2019-06-11T17:39:40Z (GMT) by Jingzhao Dai

Speech recognition is widely applied to translation from speech to related text, voice driven commands, human machine interface and so on [1]-[8]. It has been increasingly proliferated to Human’s lives in the modern age. To improve the accuracy of speech recognition, various algorithms such as artificial neural network, hidden Markov model and so on have been developed [1], [2].

In this thesis work, the tasks of speech recognition with various classifiers are investigated. The classifiers employed include the support vector machine (SVM), k-nearest neighbors (KNN), random forest (RF) and convolutional neural network (CNN). Two novel features extraction methods of sparse discrete wavelet decomposition (SDWD) and bandpass filtering (BPF) based on the Mel filter banks [9] are developed and proposed. In order to meet diversity of classification algorithms, one-dimensional (1D) and two-dimensional (2D) features are required to be obtained. The 1D features are the array of power coefficients in frequency bands, which are dedicated for training SVM, KNN and RF classifiers while the 2D features are formed both in frequency domain and temporal variations. In fact, the 2D feature consists of the power values in decomposed bands versus consecutive speech frames. Most importantly, the 2D feature with geometric transformation are adopted to train CNN.

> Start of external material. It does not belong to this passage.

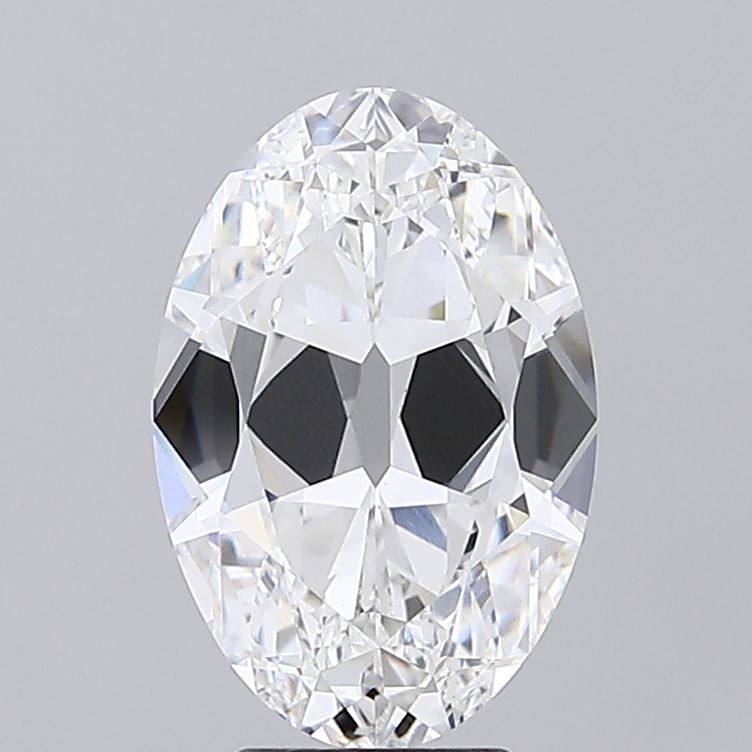 Lab Grown Diamond Lab-grown 5,04Ct F-VVS2 Oval - IGILG799613851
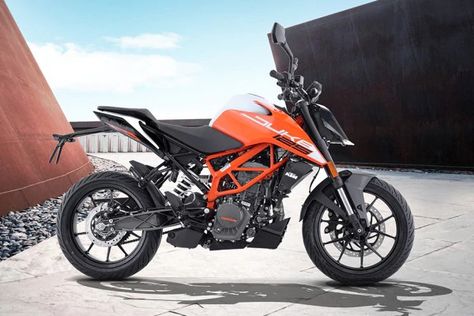 Ktm Duke, New Model, Quick Saves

Speech recognition including males and females are from the recorded data set as well as the standard data set. Firstly, the recordings with little noise and clear pronunciation are applied with the proposed feature extraction methods. After many trials and experiments using this dataset, a high recognition accuracy is achieved. Then, these feature extraction methods are further applied to the standard recordings having random characteristics with ambient noise and unclear pronunciation. Many experiment results validate the effectiveness of the proposed feature extraction techniques.